Shalat maghrib di masjid berjalan sebagaimana biasa. Kebanyakan jamaah sudah pada bubar. Ada juga yang khusuk berdzikir menanti waktu isya'. Sebagian lagi duduk santai di teras masjid. 

Saya sempatkan diri untuk ikutan nimbrung di teras masjid. Sekadar basa-basi. Sudah ada Pak Sukiran menanti. Biasanya, ada pula Pak Manap dan Pak Suryani. Waktu itu langsung pulang. Tinggal saya dan Pak Sukiran saja. Jika semua pada kumpul, obrolan ala bapak-bapak bisa menggema sampai sudut masjid.

Disela-sela obrolan saya dengan Pak Sukiran, datang Pak Mahpud menyapa dari belakang. Jarang-jarang ia ikutan nimbrung. Lebih sering ngeluyur pulang begitu saja. Maklum, rumahnya di ujung barat kampung. Beda dengan kontrakan saya yang hanya sepelemparan batu dari masjid.

"Mas, samean pengurus takmir, to?" 

"Saya, Pak?" 

Saya kira pertanyaan itu ditujukan ke Pak Sukiran, ternyata memang untuk saya. 

"Walah, nggih mboten to pak, sebelah saya ini yang jadi pengurus takmir. Apalah saya ini, cuma pendatang, Pak", jawab saya sekenanya.

Saya senggol Pak Sukiran agar mau mengaku. 

"Wonten dawuh, Pak?" ujar Pak Sukiran penasaran. 

"Saya cuman ngasih masukan saja, Mas, gini", wajah Pak Mahpud terlihat serius, ia melanjutkan, "saya ini seneng dengerin pengajian. Sayangnya masjid ini ndak ada rutinan pengajiannya. Saya sampai jauh-jauh datang ke masjid Muhammadiyah sana, mas. Pengajiannya rutin. Lah piye, disini ndak ada."

Jleb.

Akhirnya saya tidak galau sendirian. Saya bersyukur, ada jamaah seperti Pak Mahpud yang masih memikirkan hadirnya majelis ilmu di masjid. 

Jamaah seperti Pak Mahpud ini layak diundang acara rapat takmir untuk berkeluh kesah. 
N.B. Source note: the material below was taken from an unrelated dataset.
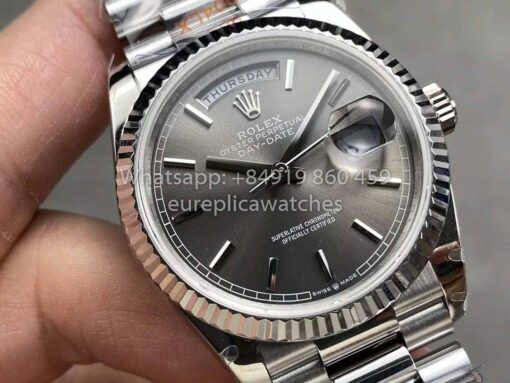 Rolex Day Date M128236 QF Factory 1:1 Best Clone Grey Index Dial - Image 2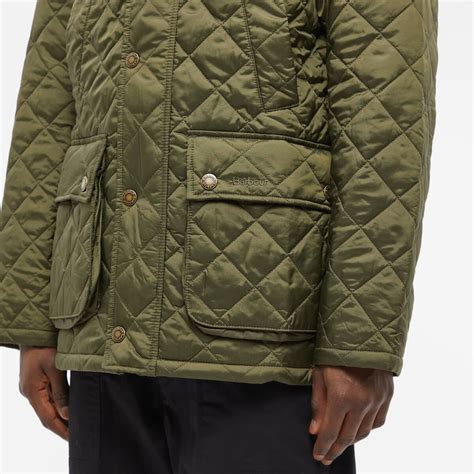 Barbour Men's Ashby Quilt Jacket in Olive Barbour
Bagi saya pribadi, adanya masjid seharusnya memberi kebermanfaatan terhadap dua hal untuk umat, yaitu amal dan ilmu. Aktivitas jamaah shalat lima waktu misalnya, pasti memberikan manfaat bertambahnya amal. Apakah lantas menambah ilmu? Tidak. Menambah ilmu harus di majelis ilmu. Masjid adalah tempat terbaik menggali ilmu keislaman. Bukankah amal akan tertolak jika tidak disertai ilmu? Sudah sepatutnya amal ibadah dibarengi dengan kajian keilmuan. Inilah fungsi masjid yang perlu direkonstruksi.

Saya merasa, banyak masjid yang lebih getol pada pembangunan fisik, daripada peningkatan kualitas jamaahnya. Apalagi jika aktivitas harian masjid hanya untuk shalat berjamaah saja. Eman-eman -jika tidak ingin mengatakannya prihatin.

"Monggo, Pak, masukan bagus ini", sahut saya ke Pak Sukiran.

"Nah itu, takmir pernah saya kasih masukan, tapi belum ditanggapi, ya sudah."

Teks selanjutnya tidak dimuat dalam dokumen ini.